[Source data]
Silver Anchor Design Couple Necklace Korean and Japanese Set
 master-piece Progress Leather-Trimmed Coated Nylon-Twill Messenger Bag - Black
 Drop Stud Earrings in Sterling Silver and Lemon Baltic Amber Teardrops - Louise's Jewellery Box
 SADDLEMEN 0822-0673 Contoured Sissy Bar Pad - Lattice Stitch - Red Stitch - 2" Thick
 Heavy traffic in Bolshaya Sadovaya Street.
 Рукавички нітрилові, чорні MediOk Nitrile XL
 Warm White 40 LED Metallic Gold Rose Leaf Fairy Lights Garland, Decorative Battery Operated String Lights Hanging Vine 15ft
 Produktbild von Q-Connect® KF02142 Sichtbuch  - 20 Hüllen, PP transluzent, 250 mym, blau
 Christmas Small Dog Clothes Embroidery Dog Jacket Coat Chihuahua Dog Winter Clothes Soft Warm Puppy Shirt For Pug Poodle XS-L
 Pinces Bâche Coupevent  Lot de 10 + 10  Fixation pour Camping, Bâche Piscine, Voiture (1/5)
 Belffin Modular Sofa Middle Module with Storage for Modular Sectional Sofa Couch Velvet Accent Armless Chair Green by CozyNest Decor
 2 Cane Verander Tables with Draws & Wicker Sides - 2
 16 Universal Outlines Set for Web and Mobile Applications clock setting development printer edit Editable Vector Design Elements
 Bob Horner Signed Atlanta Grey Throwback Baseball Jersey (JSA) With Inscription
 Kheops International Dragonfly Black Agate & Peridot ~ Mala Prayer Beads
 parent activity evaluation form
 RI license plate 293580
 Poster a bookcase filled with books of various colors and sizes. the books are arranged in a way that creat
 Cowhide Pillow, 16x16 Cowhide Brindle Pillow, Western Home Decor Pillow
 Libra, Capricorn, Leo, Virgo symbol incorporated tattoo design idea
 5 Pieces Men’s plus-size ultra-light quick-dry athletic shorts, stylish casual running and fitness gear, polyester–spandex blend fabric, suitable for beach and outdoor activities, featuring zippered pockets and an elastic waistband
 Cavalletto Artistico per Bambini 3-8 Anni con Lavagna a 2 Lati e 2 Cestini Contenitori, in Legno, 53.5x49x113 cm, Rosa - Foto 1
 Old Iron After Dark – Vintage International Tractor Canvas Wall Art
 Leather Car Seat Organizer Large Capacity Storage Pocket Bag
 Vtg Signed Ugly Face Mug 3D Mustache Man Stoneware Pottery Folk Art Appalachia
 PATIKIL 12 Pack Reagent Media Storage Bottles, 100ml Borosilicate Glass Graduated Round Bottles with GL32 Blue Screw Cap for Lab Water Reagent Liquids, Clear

**What you should do**: Restate the records above verbatim, omitting no line.

**Written answer**:
Silver Anchor Design Couple Necklace Korean and Japanese Set
 master-piece Progress Leather-Trimmed Coated Nylon-Twill Messenger Bag - Black
 Drop Stud Earrings in Sterling Silver and Lemon Baltic Amber Teardrops - Louise's Jewellery Box
 SADDLEMEN 0822-0673 Contoured Sissy Bar Pad - Lattice Stitch - Red Stitch - 2" Thick
 Heavy traffic in Bolshaya Sadovaya Street.
 Рукавички нітрилові, чорні MediOk Nitrile XL
 Warm White 40 LED Metallic Gold Rose Leaf Fairy Lights Garland, Decorative Battery Operated String Lights Hanging Vine 15ft
 Produktbild von Q-Connect® KF02142 Sichtbuch  - 20 Hüllen, PP transluzent, 250 mym, blau
 Christmas Small Dog Clothes Embroidery Dog Jacket Coat Chihuahua Dog Winter Clothes Soft Warm Puppy Shirt For Pug Poodle XS-L
 Pinces Bâche Coupevent  Lot de 10 + 10  Fixation pour Camping, Bâche Piscine, Voiture (1/5)
 Belffin Modular Sofa Middle Module with Storage for Modular Sectional Sofa Couch Velvet Accent Armless Chair Green by CozyNest Decor
 2 Cane Verander Tables with Draws & Wicker Sides - 2
 16 Universal Outlines Set for Web and Mobile Applications clock setting development printer edit Editable Vector Design Elements
 Bob Horner Signed Atlanta Grey Throwback Baseball Jersey (JSA) With Inscription
 Kheops International Dragonfly Black Agate & Peridot ~ Mala Prayer Beads
 parent activity evaluation form
 RI license plate 293580
 Poster a bookcase filled with books of various colors and sizes. the books are arranged in a way that creat
 Cowhide Pillow, 16x16 Cowhide Brindle Pillow, Western Home Decor Pillow
 Libra, Capricorn, Leo, Virgo symbol incorporated tattoo design idea
 5 Pieces Men’s plus-size ultra-light quick-dry athletic shorts, stylish casual running and fitness gear, polyester–spandex blend fabric, suitable for beach and outdoor activities, featuring zippered pockets and an elastic waistband
 Cavalletto Artistico per Bambini 3-8 Anni con Lavagna a 2 Lati e 2 Cestini Contenitori, in Legno, 53.5x49x113 cm, Rosa - Foto 1
 Old Iron After Dark – Vintage International Tractor Canvas Wall Art
 Leather Car Seat Organizer Large Capacity Storage Pocket Bag
 Vtg Signed Ugly Face Mug 3D Mustache Man Stoneware Pottery Folk Art Appalachia
 PATIKIL 12 Pack Reagent Media Storage Bottles, 100ml Borosilicate Glass Graduated Round Bottles with GL32 Blue Screw Cap for Lab Water Reagent Liquids, Clear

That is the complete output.